DATASET EXTRACT START

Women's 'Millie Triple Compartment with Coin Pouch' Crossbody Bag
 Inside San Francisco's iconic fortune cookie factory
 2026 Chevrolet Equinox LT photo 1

DATASET EXTRACT END

### TASK REQUIREMENTS
The answer must be the lines from the one containing "Inside San Francisco's" to the final line of the data above, copied exactly, both included, with nothing added.

### OUTPUT OF THE TASK
 Inside San Francisco's iconic fortune cookie factory
 2026 Chevrolet Equinox LT photo 1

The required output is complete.